= Data for this task =
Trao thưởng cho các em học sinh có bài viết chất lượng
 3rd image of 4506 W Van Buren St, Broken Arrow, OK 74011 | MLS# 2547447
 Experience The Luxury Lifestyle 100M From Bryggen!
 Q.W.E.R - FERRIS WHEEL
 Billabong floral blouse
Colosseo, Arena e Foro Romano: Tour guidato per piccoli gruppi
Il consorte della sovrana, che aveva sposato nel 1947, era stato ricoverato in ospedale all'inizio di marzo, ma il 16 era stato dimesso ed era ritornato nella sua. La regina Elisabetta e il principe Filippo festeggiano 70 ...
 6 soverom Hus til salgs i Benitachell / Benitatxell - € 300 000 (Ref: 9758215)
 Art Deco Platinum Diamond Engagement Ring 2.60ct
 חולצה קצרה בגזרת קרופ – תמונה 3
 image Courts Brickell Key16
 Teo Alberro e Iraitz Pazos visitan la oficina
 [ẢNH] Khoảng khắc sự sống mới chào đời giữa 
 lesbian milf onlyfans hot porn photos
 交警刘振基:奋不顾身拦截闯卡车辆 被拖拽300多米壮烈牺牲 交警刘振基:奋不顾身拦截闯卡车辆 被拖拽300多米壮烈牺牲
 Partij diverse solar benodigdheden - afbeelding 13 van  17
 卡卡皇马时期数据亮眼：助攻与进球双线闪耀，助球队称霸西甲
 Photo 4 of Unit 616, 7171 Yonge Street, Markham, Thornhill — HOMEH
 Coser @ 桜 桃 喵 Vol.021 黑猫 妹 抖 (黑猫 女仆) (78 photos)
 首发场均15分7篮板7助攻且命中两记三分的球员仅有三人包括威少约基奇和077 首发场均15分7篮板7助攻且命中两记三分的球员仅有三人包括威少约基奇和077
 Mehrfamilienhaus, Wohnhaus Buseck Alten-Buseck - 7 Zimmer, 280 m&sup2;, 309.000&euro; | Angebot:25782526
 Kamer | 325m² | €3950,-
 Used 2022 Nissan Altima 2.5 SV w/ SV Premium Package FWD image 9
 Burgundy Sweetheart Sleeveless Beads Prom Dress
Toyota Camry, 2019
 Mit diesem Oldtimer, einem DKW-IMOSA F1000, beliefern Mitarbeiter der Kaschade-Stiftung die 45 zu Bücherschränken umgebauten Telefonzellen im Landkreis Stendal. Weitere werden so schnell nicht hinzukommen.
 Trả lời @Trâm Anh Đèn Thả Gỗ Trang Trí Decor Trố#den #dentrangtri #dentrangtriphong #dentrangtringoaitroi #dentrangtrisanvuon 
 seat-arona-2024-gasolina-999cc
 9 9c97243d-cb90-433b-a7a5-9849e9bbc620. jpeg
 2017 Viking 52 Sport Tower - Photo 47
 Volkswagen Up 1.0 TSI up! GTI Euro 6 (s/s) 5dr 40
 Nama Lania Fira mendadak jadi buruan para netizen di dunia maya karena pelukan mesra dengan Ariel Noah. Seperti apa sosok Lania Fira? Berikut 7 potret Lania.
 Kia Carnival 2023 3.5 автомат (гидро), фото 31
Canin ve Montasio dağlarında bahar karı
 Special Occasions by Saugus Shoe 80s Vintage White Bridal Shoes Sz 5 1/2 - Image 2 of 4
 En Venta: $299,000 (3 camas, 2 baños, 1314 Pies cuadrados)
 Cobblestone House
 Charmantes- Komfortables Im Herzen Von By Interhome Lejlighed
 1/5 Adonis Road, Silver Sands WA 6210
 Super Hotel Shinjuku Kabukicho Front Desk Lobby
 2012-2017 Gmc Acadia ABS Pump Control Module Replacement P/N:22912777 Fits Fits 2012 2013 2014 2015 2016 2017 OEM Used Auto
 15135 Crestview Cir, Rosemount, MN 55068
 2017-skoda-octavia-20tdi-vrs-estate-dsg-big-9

= Directions =
All lines from the one with "seat-arona-2024-gasolina-999cc" to the end of the listing are to be printed exactly as given, both ends included.

= The answer =
 seat-arona-2024-gasolina-999cc
 9 9c97243d-cb90-433b-a7a5-9849e9bbc620. jpeg
 2017 Viking 52 Sport Tower - Photo 47
 Volkswagen Up 1.0 TSI up! GTI Euro 6 (s/s) 5dr 40
 Nama Lania Fira mendadak jadi buruan para netizen di dunia maya karena pelukan mesra dengan Ariel Noah. Seperti apa sosok Lania Fira? Berikut 7 potret Lania.
 Kia Carnival 2023 3.5 автомат (гидро), фото 31
Canin ve Montasio dağlarında bahar karı
 Special Occasions by Saugus Shoe 80s Vintage White Bridal Shoes Sz 5 1/2 - Image 2 of 4
 En Venta: $299,000 (3 camas, 2 baños, 1314 Pies cuadrados)
 Cobblestone House
 Charmantes- Komfortables Im Herzen Von By Interhome Lejlighed
 1/5 Adonis Road, Silver Sands WA 6210
 Super Hotel Shinjuku Kabukicho Front Desk Lobby
 2012-2017 Gmc Acadia ABS Pump Control Module Replacement P/N:22912777 Fits Fits 2012 2013 2014 2015 2016 2017 OEM Used Auto
 15135 Crestview Cir, Rosemount, MN 55068
 2017-skoda-octavia-20tdi-vrs-estate-dsg-big-9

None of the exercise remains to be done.